- Country: India
- State: Madhya Pradesh
- District: Indore District
- City: Indore

Government
- • Type: Municipal Corporation
- • Body: Indore Municipal Corporation (IMC)
- • Mayor: Malini Laxmansingh Gaur
- • District Collector: Manish Singh, IAS

Languages
- • Official: Hindi
- Time zone: UTC+5:30 (IST)
- PIN: 452001
- Vehicle registration: MP-09
- Lok Sabha constituency: Indore
- Vidhan Sabha constituency: Indore-2
- Website: imcindore.mp.gov.in

= Mahalaxmi, Indore =

Mahalaxmi is a suburb of Indore.

==Geography==
Mahalaxmi is situated in the outskirts of the north east of the city, adjacent to the eastern ring road and is a hub of many high rise buildings.
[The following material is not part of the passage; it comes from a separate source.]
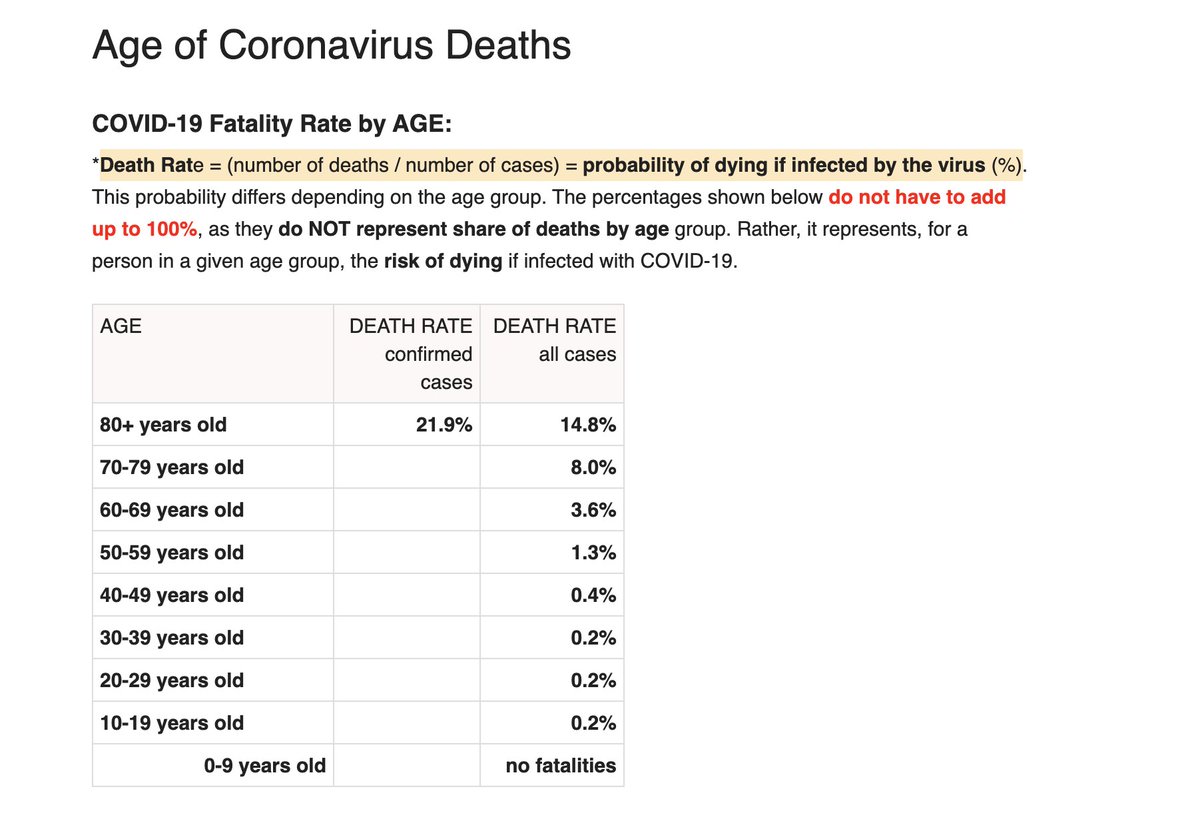 This is the top of their 'Age' page ( https://www.worldometers.info/coronavirus/coronavirus-age-sex-demographics/)Their definition claims that this table reports the infection fatality rate (IFR) by age.If it was indeed the IFR it would be terrible what this table reports here.But they are wrong and it is actually the CFR.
In the 2000s, people have moved to the peripheries of city after seeing the development potential. Suburbs along the ring road and areas like Mahalaxmi, Tulsi Nagar, Neeranjanpur, Rajendra Nagar and many more were carved out. With the development, many people from other places migrated to the city and opted for cheaper accommodations in the suburbs.
Neighbouring suburbs: Dewas Naka, Vijay Nagar, Malviya Nagar

Arterial Roads: Agra-Bombay Road (NH 52)

==Politics==
Mahalaxmi area falls under the Indore-2 Assembly Constituency in Indore District. The current elected Member is Ramesh Mendola from the BJP.

==Transport==
The nearest railway station is Laxmibai Nagar Junction railway station. However, it is just a basic station. The Indore Junction railway station is the main junction to catch trains. Public transport such as autos, taxis, magic-vans, city buses are readily available.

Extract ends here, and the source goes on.